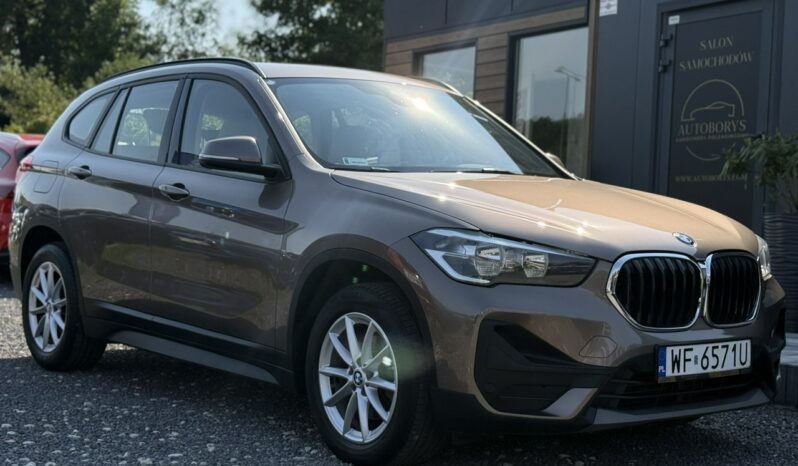 BMW X1 Salon Polska Poleasingowy I właściciel Serwis ASO VAT 23% Bezwypadkowy II (F48) (2015-) full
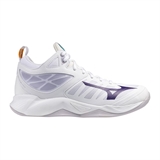 Mizuno WAVE DIMENSION MID (W) Кроссовки волейбольные женские Белый - фото 308306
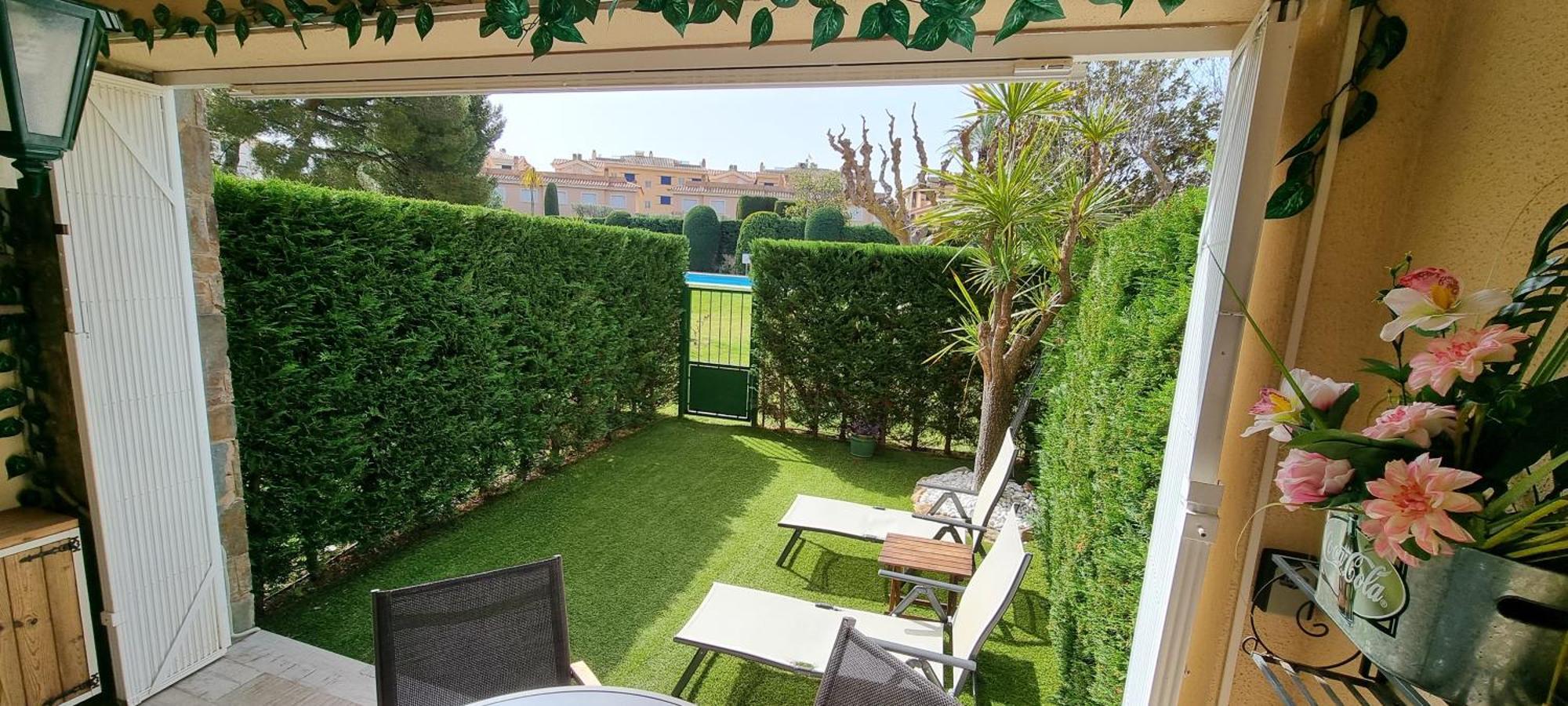 Vidabrava Sagaro Garden, Jardin Privado, Piscina, 150 M Playa Appartement S'Agaro Buitenkant foto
------------------------------
→ **TASK INSTRUCTIONS**
Using the data above, write out every line exactly, leaving the images behind.

→ **YOUR SOLUTION**
 BMW X1 Salon Polska Poleasingowy I właściciel Serwis ASO VAT 23% Bezwypadkowy II (F48) (2015-) full
 Mizuno WAVE DIMENSION MID (W) Кроссовки волейбольные женские Белый - фото 308306
 Vidabrava Sagaro Garden, Jardin Privado, Piscina, 150 M Playa Appartement S'Agaro Buitenkant foto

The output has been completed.